WHAT IS REQUIRED =
The result should be the lines from the one that contains "ELEPHANT RIDING IN" to the final line of the entries below, copied exactly and with no pictures.

[Image-text web data]
= = = =
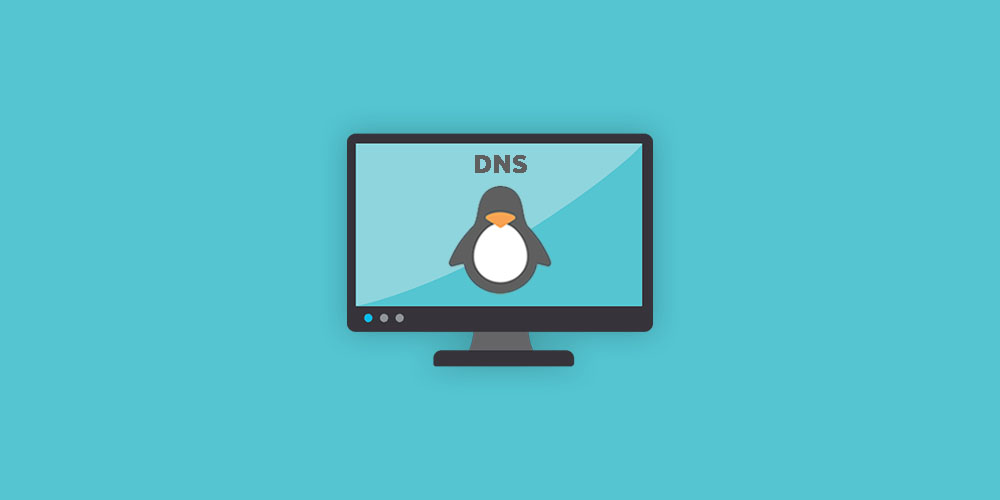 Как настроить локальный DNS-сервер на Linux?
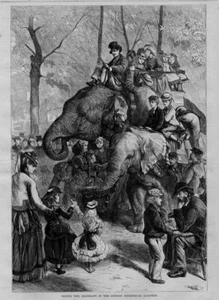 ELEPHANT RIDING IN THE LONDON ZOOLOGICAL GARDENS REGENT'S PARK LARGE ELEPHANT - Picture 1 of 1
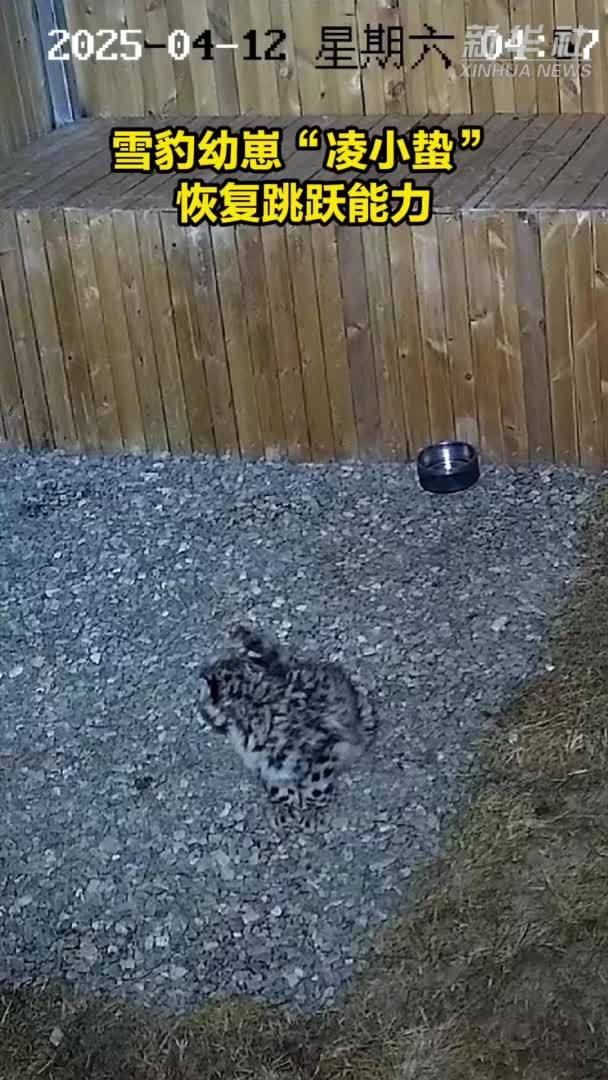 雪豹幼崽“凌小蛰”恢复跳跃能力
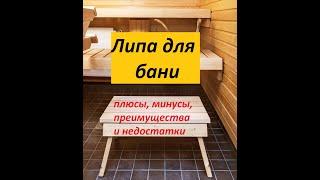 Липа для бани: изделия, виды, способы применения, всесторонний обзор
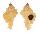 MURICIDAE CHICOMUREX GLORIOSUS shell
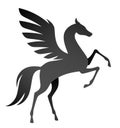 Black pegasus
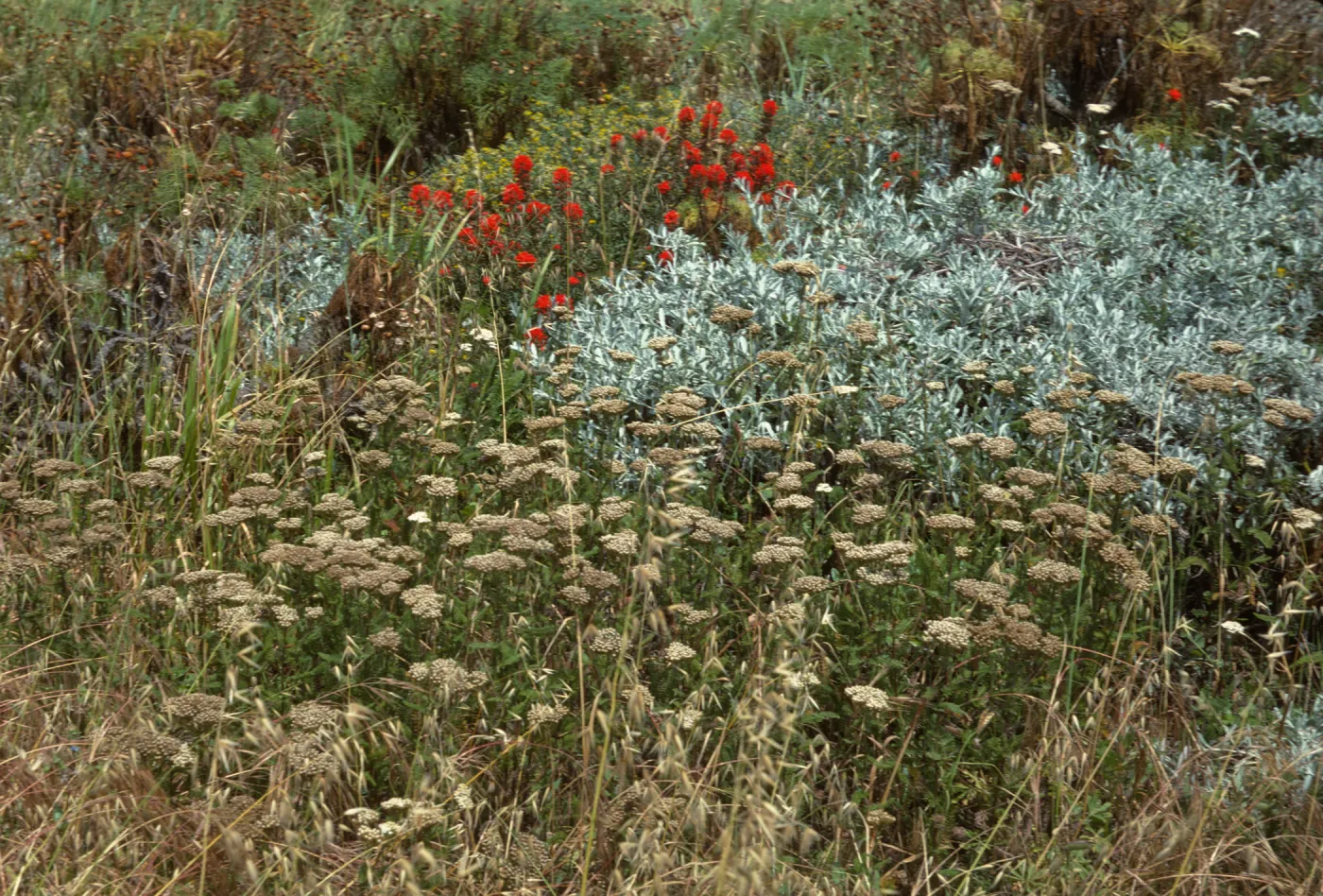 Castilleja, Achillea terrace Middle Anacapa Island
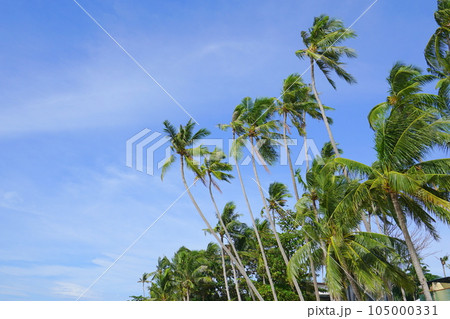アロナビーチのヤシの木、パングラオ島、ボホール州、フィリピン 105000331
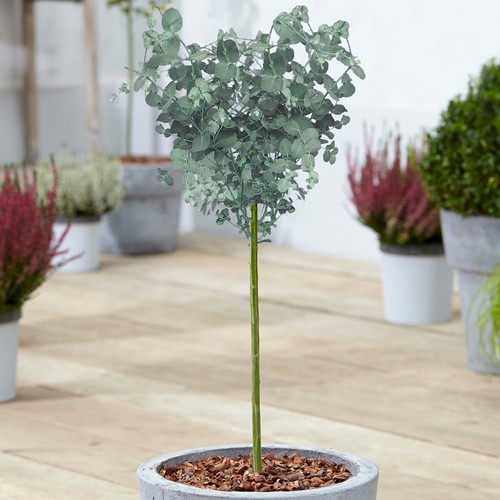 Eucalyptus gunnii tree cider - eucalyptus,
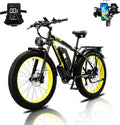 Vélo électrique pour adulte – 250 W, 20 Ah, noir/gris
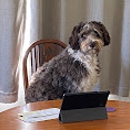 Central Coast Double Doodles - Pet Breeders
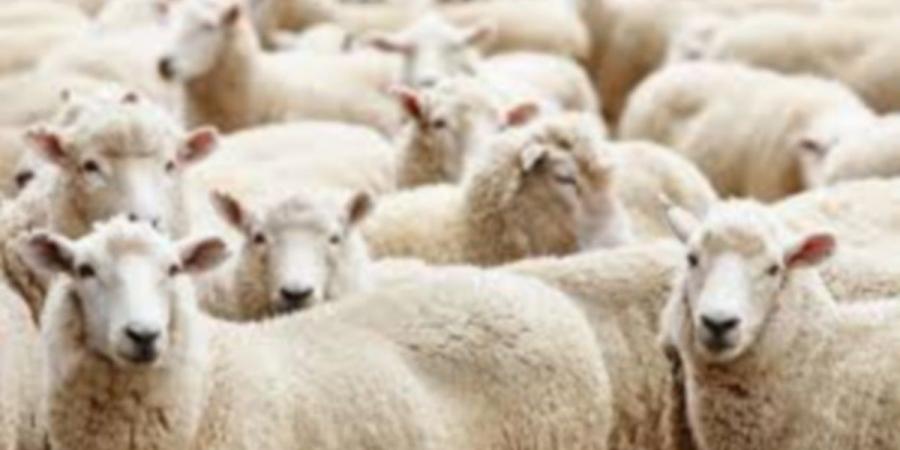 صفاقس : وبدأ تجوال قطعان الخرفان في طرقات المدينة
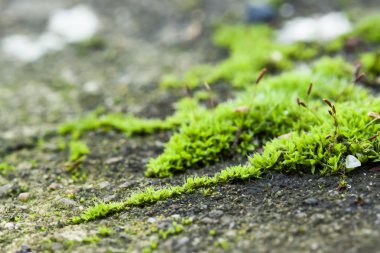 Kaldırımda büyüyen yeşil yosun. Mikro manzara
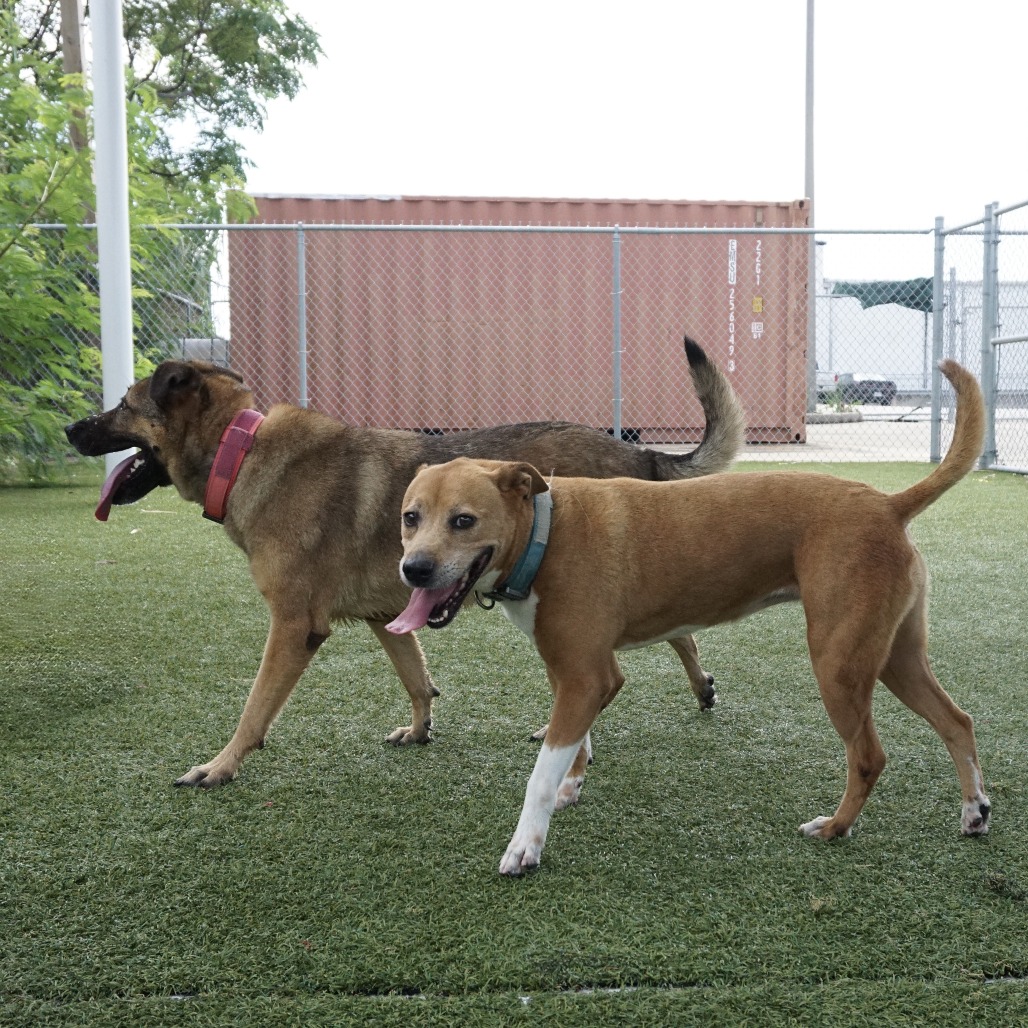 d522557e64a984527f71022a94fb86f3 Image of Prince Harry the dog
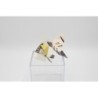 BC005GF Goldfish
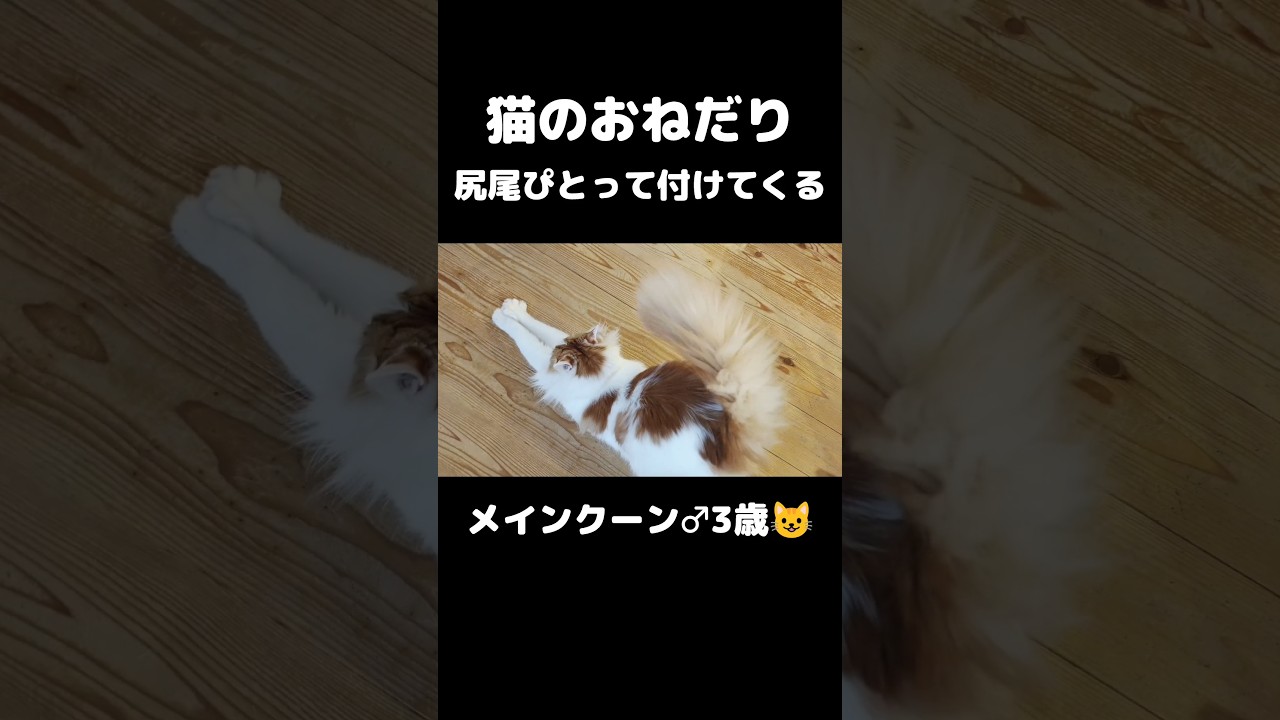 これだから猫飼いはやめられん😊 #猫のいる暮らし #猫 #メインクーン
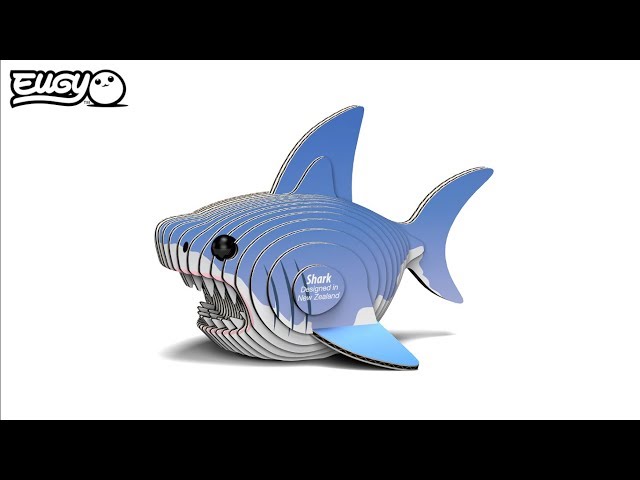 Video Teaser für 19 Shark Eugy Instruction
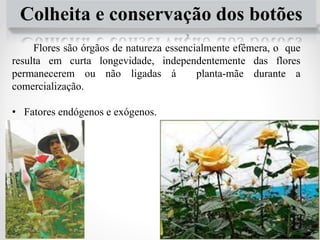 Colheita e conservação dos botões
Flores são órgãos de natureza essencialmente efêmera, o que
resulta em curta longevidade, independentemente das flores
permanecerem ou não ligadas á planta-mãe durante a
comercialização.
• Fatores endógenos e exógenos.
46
= = = =
ANSWER TO THIS EXERCISE =
 ELEPHANT RIDING IN THE LONDON ZOOLOGICAL GARDENS REGENT'S PARK LARGE ELEPHANT - Picture 1 of 1
 雪豹幼崽“凌小蛰”恢复跳跃能力
 Липа для бани: изделия, виды, способы применения, всесторонний обзор
 MURICIDAE CHICOMUREX GLORIOSUS shell
 Black pegasus
 Castilleja, Achillea terrace Middle Anacapa Island
アロナビーチのヤシの木、パングラオ島、ボホール州、フィリピン 105000331
 Eucalyptus gunnii tree cider - eucalyptus,
 Vélo électrique pour adulte – 250 W, 20 Ah, noir/gris
 Central Coast Double Doodles - Pet Breeders
 صفاقس : وبدأ تجوال قطعان الخرفان في طرقات المدينة
 Kaldırımda büyüyen yeşil yosun. Mikro manzara
 d522557e64a984527f71022a94fb86f3 Image of Prince Harry the dog
 BC005GF Goldfish
 これだから猫飼いはやめられん😊 #猫のいる暮らし #猫 #メインクーン
 Video Teaser für 19 Shark Eugy Instruction
 Colheita e conservação dos botões
Flores são órgãos de natureza essencialmente efêmera, o que
resulta em curta longevidade, independentemente das flores
permanecerem ou não ligadas á planta-mãe durante a
comercialização.
• Fatores endógenos e exógenos.
46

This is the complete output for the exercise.